Albin Hebenstreit mied seit dem nächtlichen Auftritt, der blitzartig das schlafende Feuer, das heimlich in diesem Michelshof zu lauern schien, aufglühen ließ, das Haus, soweit es nicht auffiel. Er wollte am liebsten nur Marie begegnen wieder in Heimlichkeit auf der Hochstraße, aber das ging natürlich nicht; denn man wachte empfindlich in diesen Großbauernhöfen darüber, daß vor allem den Brauteltern die Ehre richtig angetan wurde seitens des Hochzeiters. Albin wartete ungeduldig auf seine Versetzung, die ihn mit einem Schlag vor die Gelegenheit setzen würde, sofort Hochzeit zu machen, um dann Marie aus dem Bereich des merkwürdig gespannten Luftkreises ihres Vaterhauses zu lösen.

Sälme wich ihm aus.
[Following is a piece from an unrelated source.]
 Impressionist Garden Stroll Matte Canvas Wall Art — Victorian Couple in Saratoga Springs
Er sah sie nur einige Male durch die Stube gehen, rasch und immer nach irgend etwas eifrig suchend oder beladen mit Gegenständen. So brauchte sie ihm nur flüchtig zuzunicken, schier ohne ihn anzublicken. Albin durchschaute ihre tiefe Angst und Not wohl, aber er brannte so heiß in den begehrlichen Liebesblicken der in letzter Zeit stark aufblühenden Marie, die auf einmal frauenhaft reif geworden war, daß ihn Sälme nicht beunruhigte. Nur im Traum geschah es zuweilen, daß er Marie hielt und blind küßte und daß es, 183 wenn er genau hinsah, eigentlich Sälme war. Das quälte ihn, verfolgte ihn auch hin und wieder durch wache Stunden, aber es machte ihn weder müde noch traurig. Sein Blut rauschte: Marie, Marie, und er war wie nie seit ihrem Verhältnis erfüllt von ihr.
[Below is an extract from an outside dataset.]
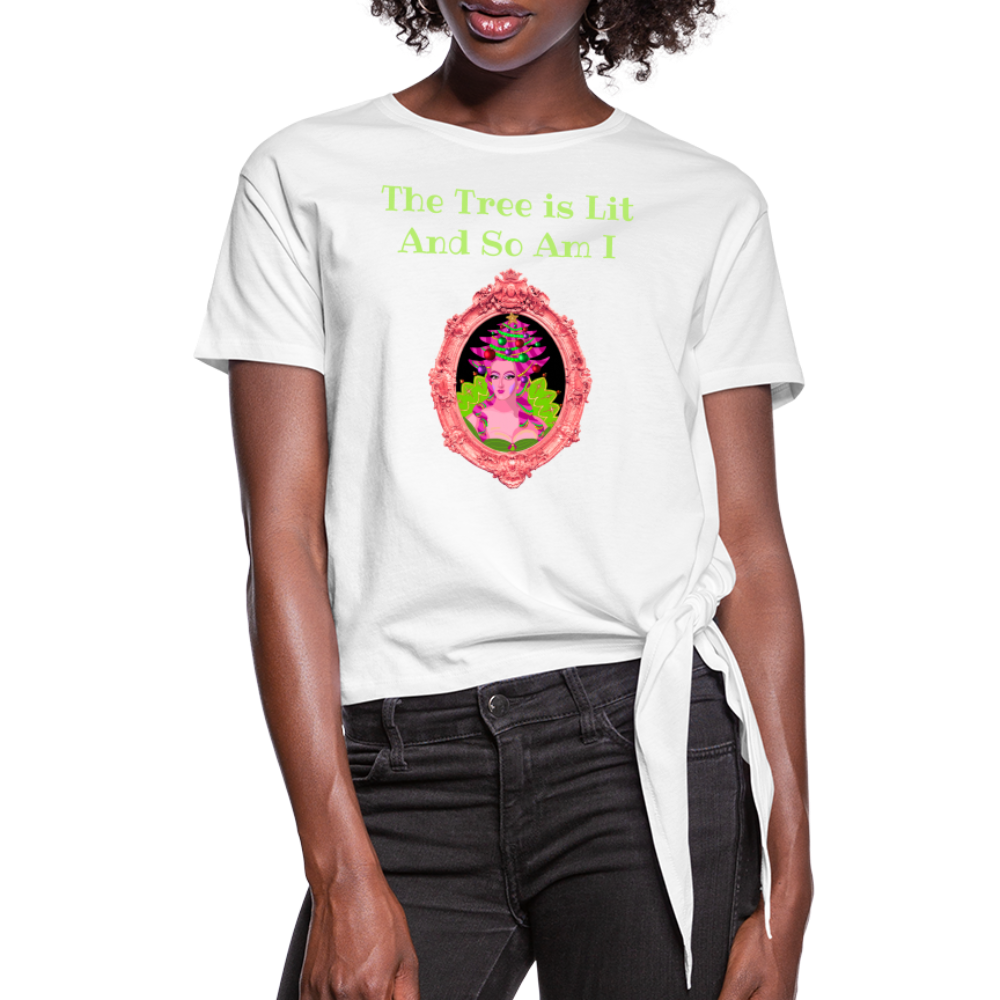 The Tree is Lit And So Am I - Women's Knotted Christmas T-Shirt - white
Sie besprachen in heiterem Eifer ihre Zukunft, wie sie sich einrichten und leben wollten, ganz tief eingebettet in Glück und Leuchten. Marie sollte einmal sehen, wie gut es eine Frau hatte in einer hellen, bequemen Wohnung, wo man nicht in den Stall brauchte, nicht vor Tau und Tag sich zum Bauerngeschäft rüsten, wo man nach der Hahnenkraht sich noch einmal im Bett umdrehen, gähnen und ein Stückchen in den Tag hineinträumen durfte. Marie ging beweglich und lüstern auf diese vornehmen Verheißungen ein, sie träumte Märchen aus dieser unbekannten Welt der Zukunft, die sie vor Pracht bis ins Mark hinein frieren oder glühen machte.
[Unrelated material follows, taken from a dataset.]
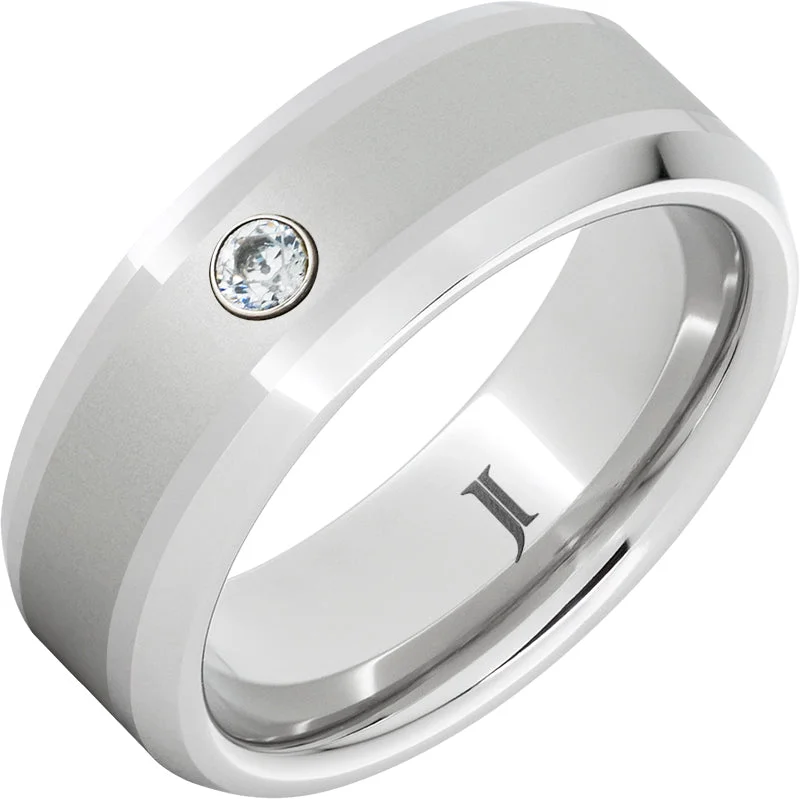 Radiant diamond gemstone rings for dazzling proposals -Serinium® Diamond Ring Beveled with Laser Satin Center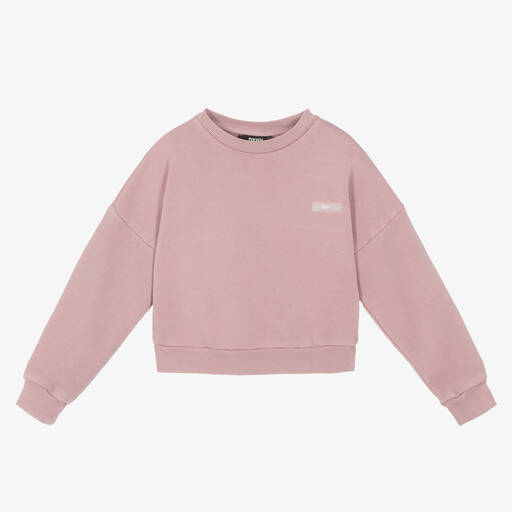 DKNY-Girls Lilac Pink Cotton Jersey Sweater | Childrensalon Outlet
Albin Hebenstreit, begeistert wie ein großer Bub vor den erfüllbaren Wonnen, umgab auch Frau Sixta, wo er ihr begegnete, mit fast unterwürfiger Aufmerksamkeit. Sie ließ es sich gefallen, daß er ihr wie den anderen Kindern kleine Geschenke machte, bald am Jahrmarkt der Kreisstadt gekramt, bald aus der Residenz Karlsruhe, wohin er ein paarmal zu reisen hatte, mitgebracht. Sixta freute sich zwar in halber Verlegenheit darüber, aber sie wurde ihren geheimen Groll gegen Albin nicht los.